Polizei untersucht tödlichen Schuss auf Mann auf der Lykovrysi-Brücke bei Athen
Ein Mann im Alter zwischen 50 und 55 Jahren wurde am Sonntagnachmittag tot mit einer Schusswunde neben einem Firmenfahrzeug auf der Lykovrysi-Brücke über der Autobahn Athen-Lamia aufgefunden.
Entdeckung auf der Lykovrysi-Brücke
Die griechischen Strafverfolgungsbehörden leiteten am Nachmittag des Sonntags, 13. September 2026, eine Untersuchung ein, nachdem ein Mann tot neben einem geparkten Auto im Norden Athens aufgefunden wurde. Der Vorfall ereignete sich auf der Überführungsbrücke an der Ausfahrt Lykovrysi der neuen Nationalstraße Athen-Lamia, auf der Fahrbahn in Richtung Piräus. Die Polizei wurde gegen 17:30 Uhr über den Vorfall informiert, nachdem ein vorbeifahrender Autofahrer das stillstehende Fahrzeug bemerkte und eine leblose Person auf dem Asphalt entdeckte. Beamte wurden sofort zum Tatort entsandt, der nahe der Gemeindegrenze zwischen Lykovrysi und Metamorfosi liegt.

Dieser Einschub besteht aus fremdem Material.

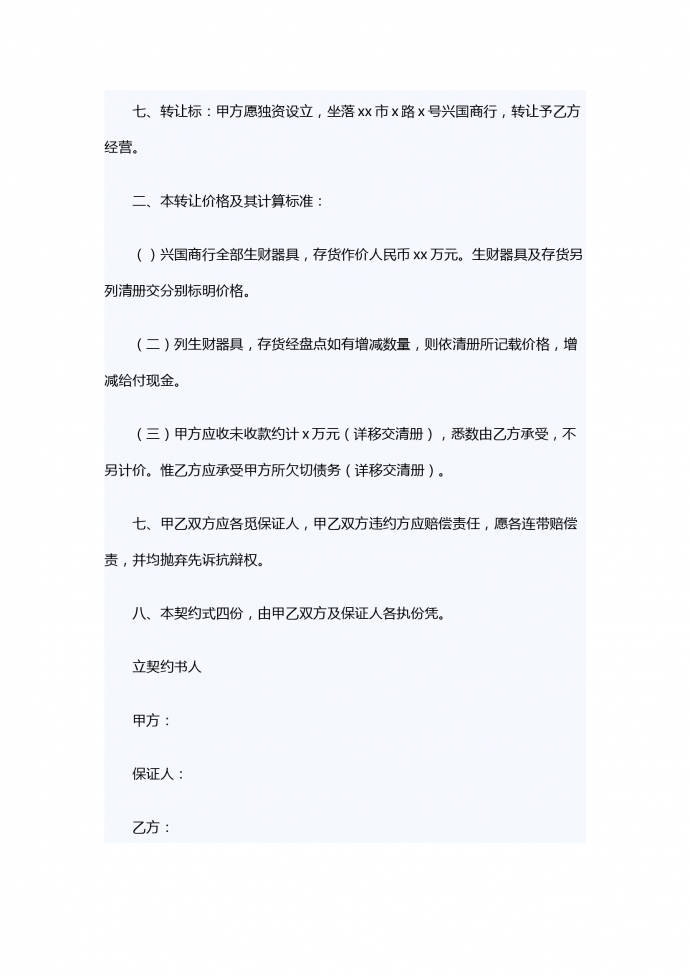 店面轉讓合同范本-1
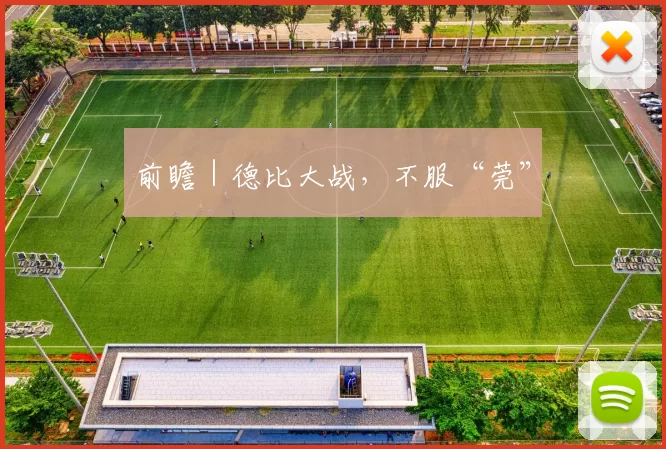 前瞻｜德比大战，不服“莞”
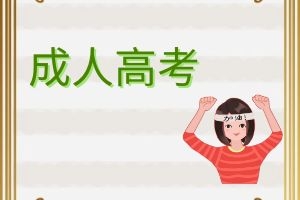 为什么说成人高考是提升学历的最佳选择？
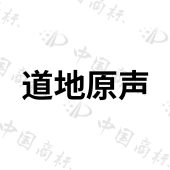 潍坊世纪通用经贸有限公司商标注册被驳回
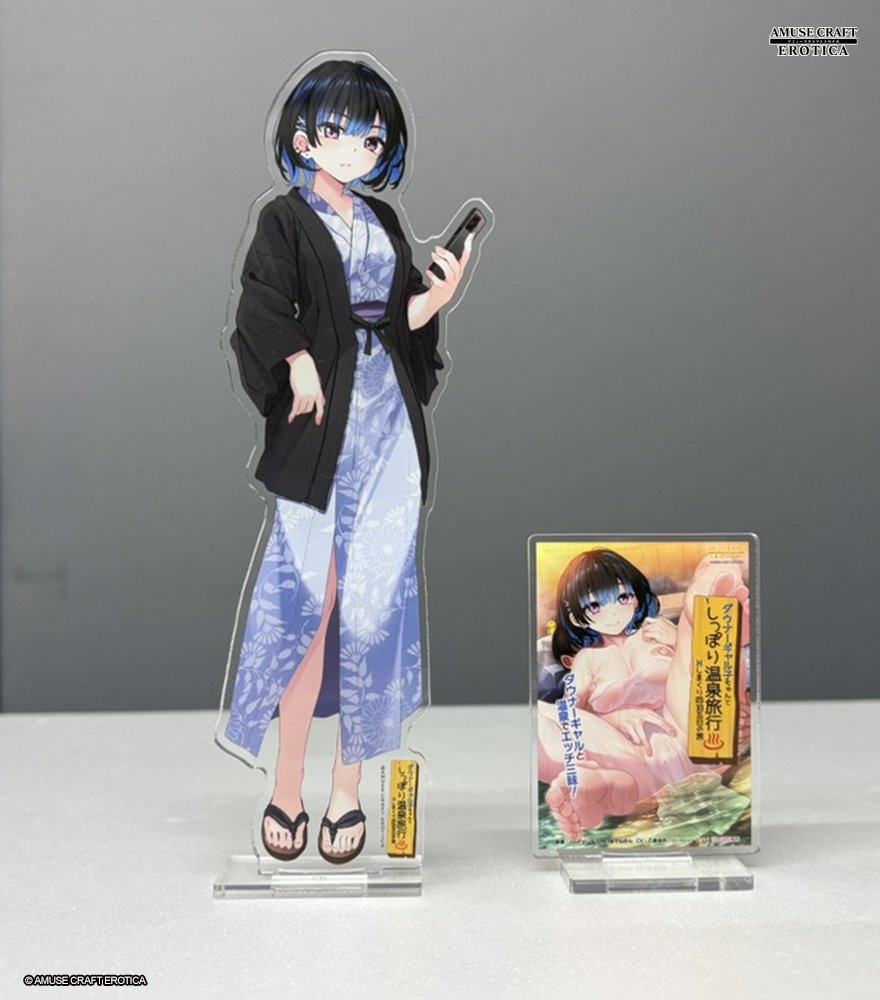 【アミューズクラフトエロチカ】♨ダウナーギャル子ちゃんとしっぽり温泉旅行♨パッケージアクスタ＆すーちゃんアクリルスタンドを並べてパチリ！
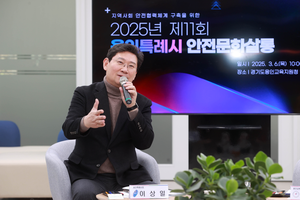 이상일, “용인 초등생 자전거 안전교육에 PM 안전 관련 내용 추가 하겠다”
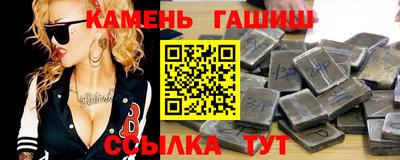мефедрон мука Изобильный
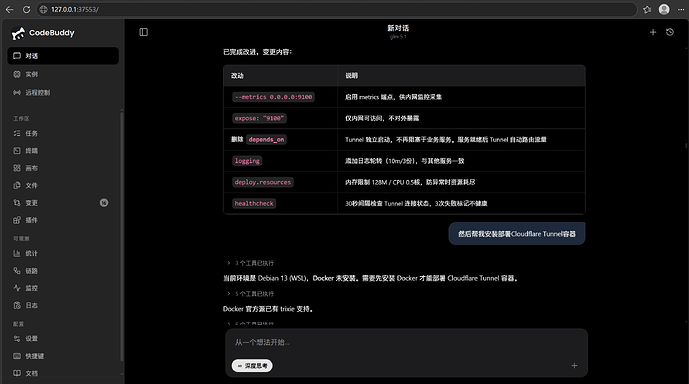 屏幕截图 2026-04-21 112837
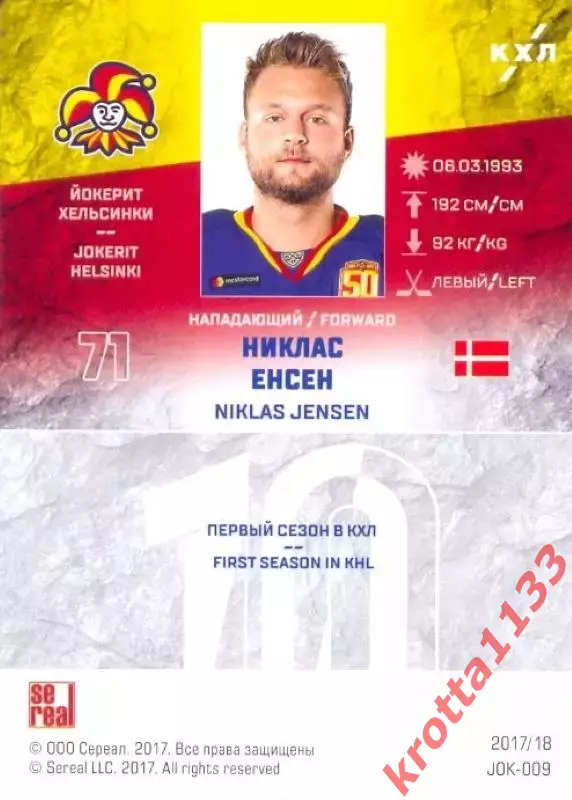 Никлас Енсен Йокерит Хельсинки SeReal Карточки КХЛ 2017-2018 1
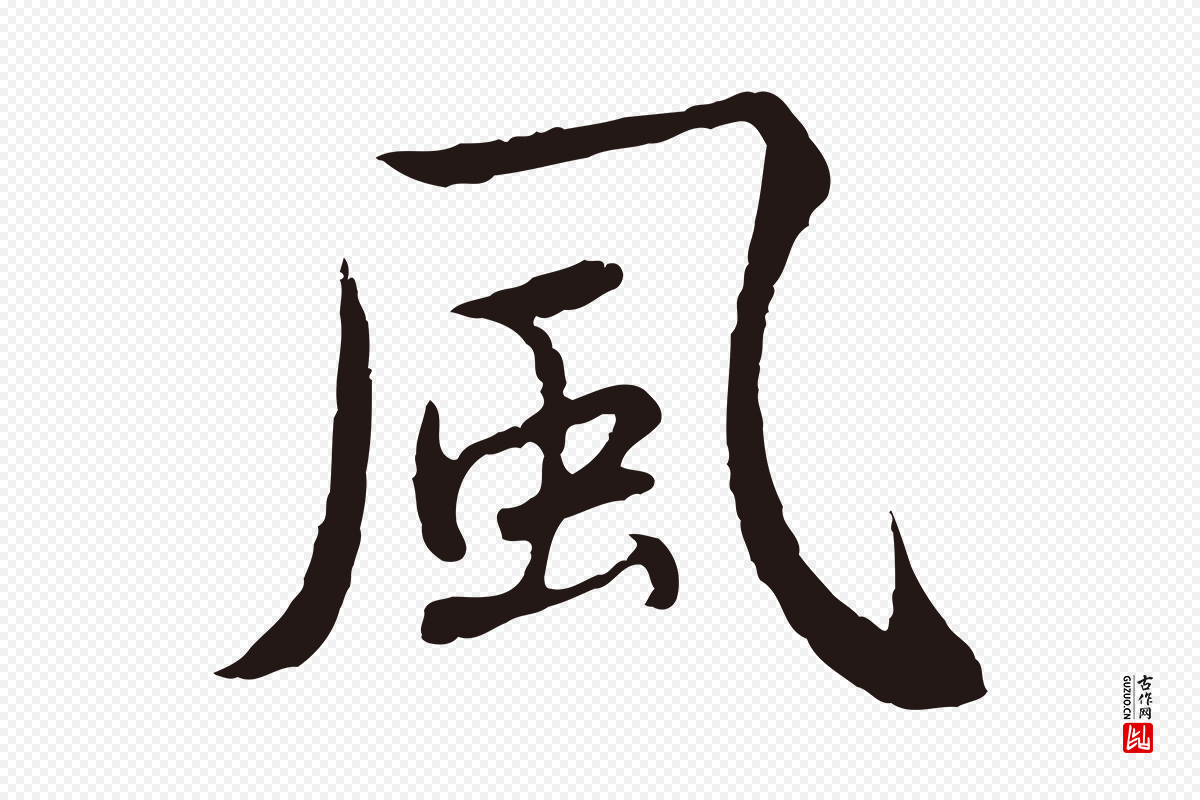 元代陈基《次韵十绝诗》中的“風(风)”字书法矢量图下载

- Ein vorbeifahrender Fahrer alarmiert die Polizei wegen eines Vorfalls auf der Lykovrysi-Brücke.
- Beamte finden das geparkte Firmenfahrzeug und den leblosen 50-55-jährigen Mann.
- Die Behörden sperren beide Richtungen der Lykovrysi-Brücke, um den Tatort zu sichern.
Tatortbesichtigung und forensische Befunde
Nachdem die eingesetzten Beamten den angegebenen Ort auf der Überführung erreicht hatten, fanden sie einen auf dem Brückendeck geparkten Personenkraftwagen. Eine erste Überprüfung der Kennzeichen ergab, dass das Fahrzeug auf ein Unternehmen zugelassen war. Direkt neben dem Auto auf dem Gehweg fanden die Polizisten einen leblosen Mann, der auf ein Alter zwischen 50 und 55 Jahren geschätzt wurde. Die Person zeigte keine Lebenszeichen und wies eine schwere Schusswunde am Kopf auf. Die Verletzung führte zu sichtbaren Blutungen aus der Nase und einer großen Blutmenge, die die Fahrbahnoberfläche bedeckte.
Die körperliche Untersuchung des Tatorts ergab, dass der Mann eine 9-mm-Pistole in seiner rechten Hand hielt. Zusätzlich zur Handfeuerwaffe fanden die Ermittler eine einzelne abgeschossene Patronenhülse auf dem Boden in unmittelbarer Nähe der Leiche und des geparkten Autos. Ballistikspezialisten und forensische Techniker sammelten die Patronenhülse und dokumentierten die Position der Schusswaffe als Teil der ersten Beweissicherung.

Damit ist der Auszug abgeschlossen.